Alliance Statement to MEDCAC on Devices for Self-management of Type 1 and Insulin-Dependent Type 2 Diabetes

The following statement was made today by Alliance President & CEO Sue Peschin, MHS, during the public comment portion of the Centers for Medicare & Medicaid Services (CMS) virtual meeting of its Medicare Evidence Development & Coverage Advisory Committee (MEDCAC) meeting on devices for self-management of Type 1 and insulin-dependent Type 2 diabetes:

The Alliance for Aging Research is the leading nonprofit organization dedicated to changing the narrative to achieve healthy aging and equitable access to care. The Alliance receives unrestricted support from industry and others for our mission.

The Alliance is locking arms today with 27 other non-diabetes organizations, to oppose any efforts by the CMS to restrict beneficiary access to FDA-approved devices for self-management of Type 1 and insulin-dependent Type 2 diabetes.

We have sent a letter signed by 28 non-diabetes organizations to Administrator Brooks-LaSure and to this MEDCAC, along with key Congressional staff. The letter is publicly available on the Alliance’s website at agingresearch.org, and it was emailed to all of you. I’ll read just a few of the groups here:

• American Kidney Fund
• Melanoma Research Alliance
• National Grange
• National Hispanic Council on Aging
• National Medical Association
• Prevent Blindness
• Voices of Alzheimer’s

In part, the letter states:

We are increasingly disturbed by the CMS Coverage and Analysis Group’s creation and leveraging of research debates to justify utilization management of Part B items and services. This process of positioning this advisory committee to re-evaluate clinical outcomes for an entire class of medical products—that the FDA already legitimately determined to be safe and efficacious—takes valuable time and resources away from researchers, clinicians, and patient advocates serving people living with diabetes.

No external organizations requested this evidence review of end points for trials of diabetes devices. Nor was the Agency for Healthcare Research and Quality consulted, and that is the HHS agency charged with conducting CMS evidence reviews. CMS instead convened a MEDCAC subgroup on its own in February 2024 that was not publicly announced until about a month after it occurred. This subgroup reviewed a report, written by an outside contractor, on devices for diabetes self-management, and enlisted one guest endocrinologist to provide responses to CMS’s questions. It raises questions about the agency’s judgment when it pursues this topic, without reasonable justification, in light of its struggles to manage resources.
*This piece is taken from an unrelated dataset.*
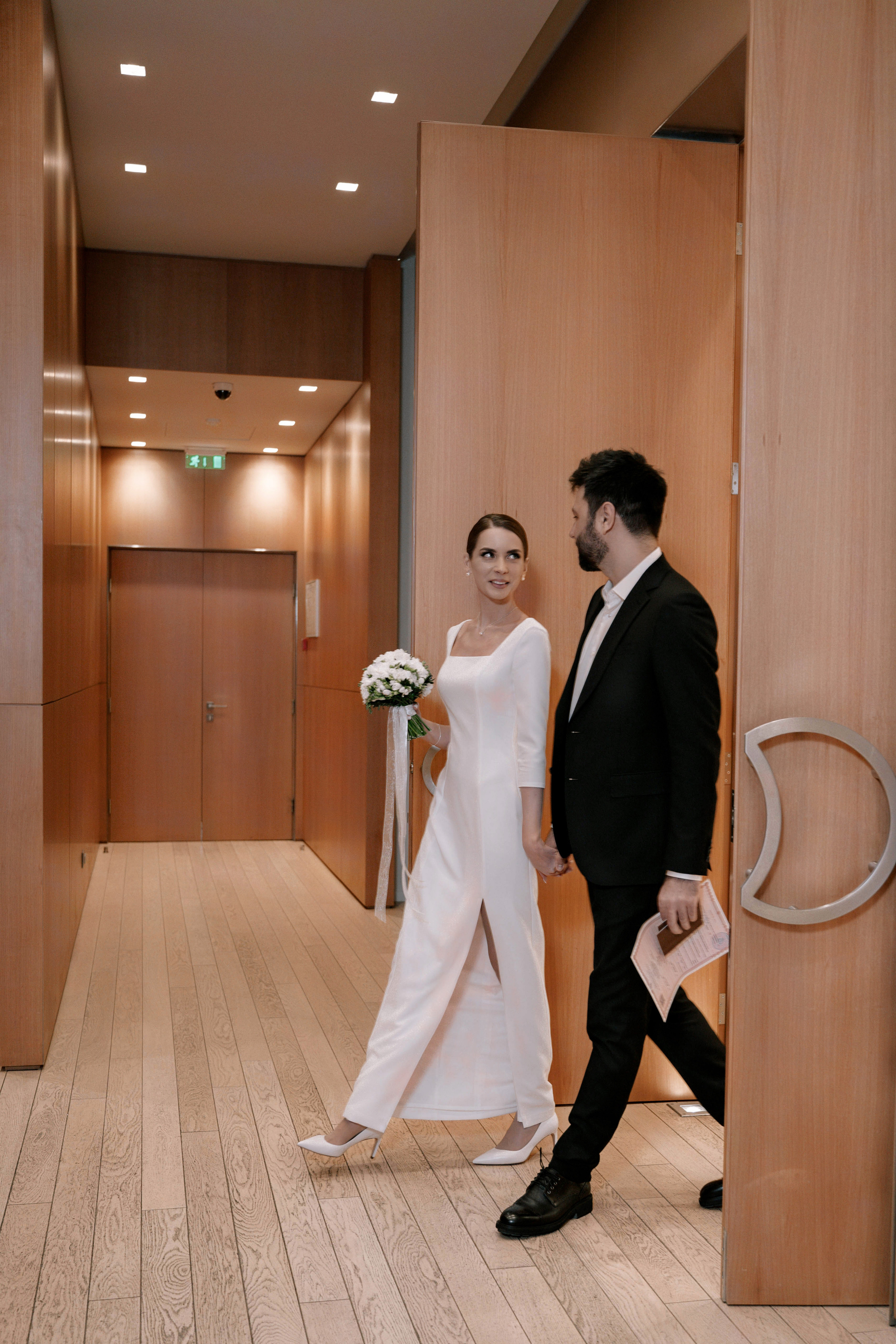 Свадебная фотосессия в ЗАГСе Барвиха Luxury Village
To be clear—no one in the diabetes community asked for this.

Here’s where CMS’ interests lie—diabetes is the most expensive chronic disease in the United States. That makes medical devices for diabetes self-management a rich target for Medicare Part B coverage restrictions. This should not be done. The standards of care established by the American Diabetes Association and American Association of Clinical Endocrinology unequivocally endorse the use of continuous glucose monitors and insulin pumps by people who are insulin dependent. These endorsements rest on a foundation of voluminous clinical data, with scores of studies affirming the medical necessity of these technologies. The use of these devices is established science and there is no basis whatsoever for calling that into question.
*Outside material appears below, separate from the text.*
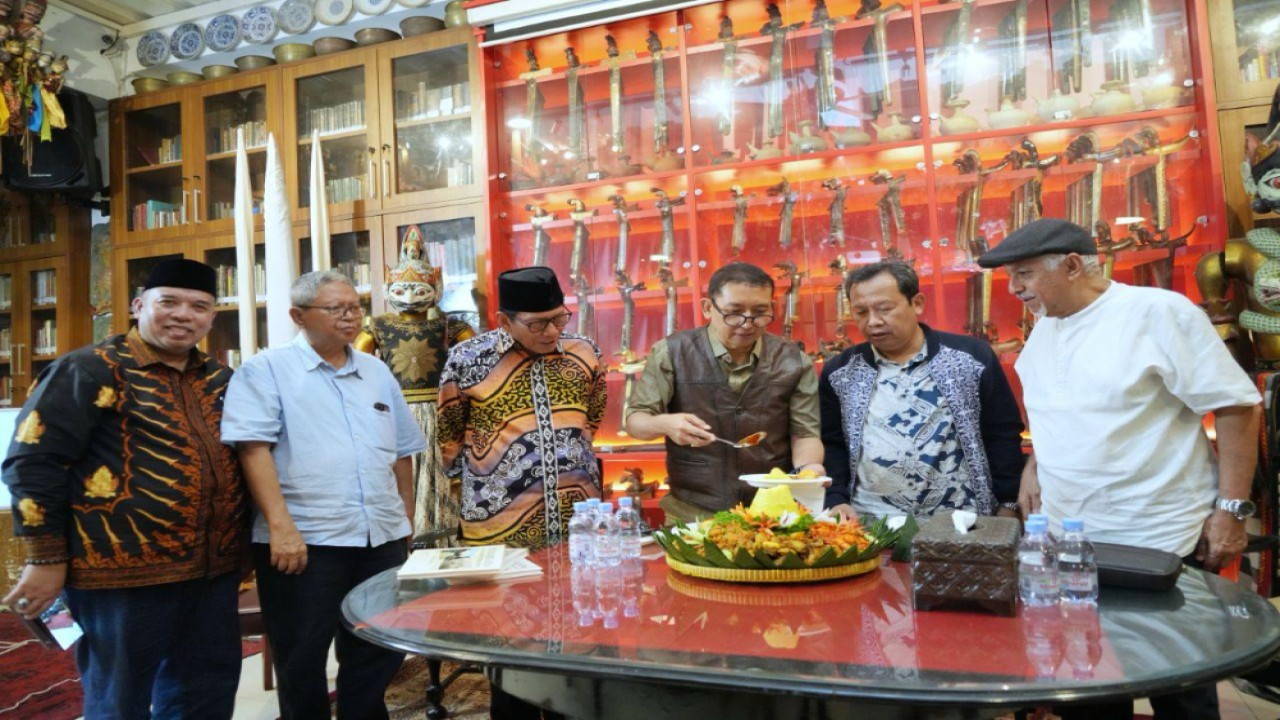 Anggota DPR RI Fadli Zon saat meluncurkan buku Hindia Belanda dalam Kartu Pos Bergambar dan situs filatelis di Rumah Kreatif Fadli Zon, Cimanggis, Depok. Foto: Dok/Andri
This exercise is similar to one CMS staged in 2021, when mundane academic debate on targeting amyloid was leveraged to squash coverage for the entire class of FDA-approved disease-modifying therapies for the treatment of early Alzheimer’s in April 2022.
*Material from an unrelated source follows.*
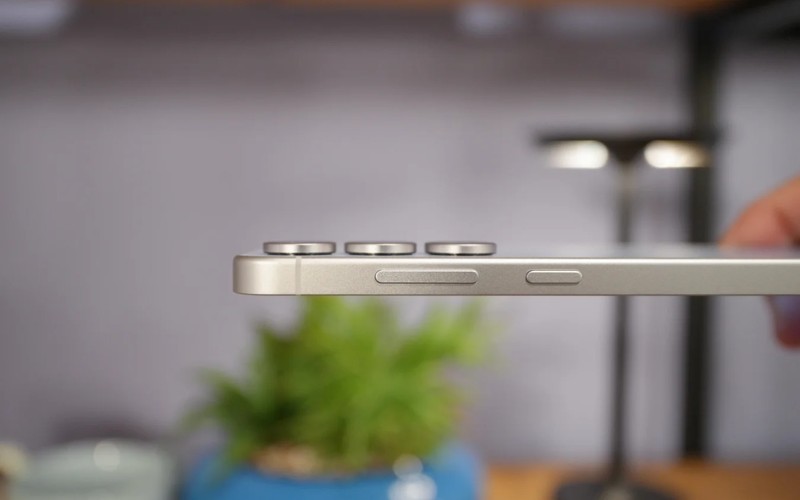 Samsung Galaxy S25 FE 5G có thiết kế mỏng nhẹ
The effectiveness of CMS’ cost-cutting strategy in Alzheimer’s lies in the small number of Medicare-related claims paid for Leqembi, the second FDA-approved therapy in the class. Since July 2023, based on claims data, only a scant 4,000-5,000 patients have started on Leqembi, with approximately 2,000-2,500 patients currently on treatment. This is a fraction of potentially eligible patients.

The federal statute authorizing Medicare starts with a non-interference clause that prohibits CMS from “supervision or control over the practice of medicine or the manner in which medical services are provided.” Clinicians should be able to help Medicare patients decide which interventions are best for them, without complicated coverage barriers dictating care.

CMS is a payer; it is not a biomedical expert agency like the FDA or anyone’s family doctor. The actions being taken by CMS on diabetes self-care devices are an overreach of agency authority and undermining of public trust in the FDA and more broadly in biomedical science itself.

Ultimately, the agency and this advisory committee should not be staging research debates to vindicate itself from what’s really happening here—a set-up to the rationing of patient care. Thank you.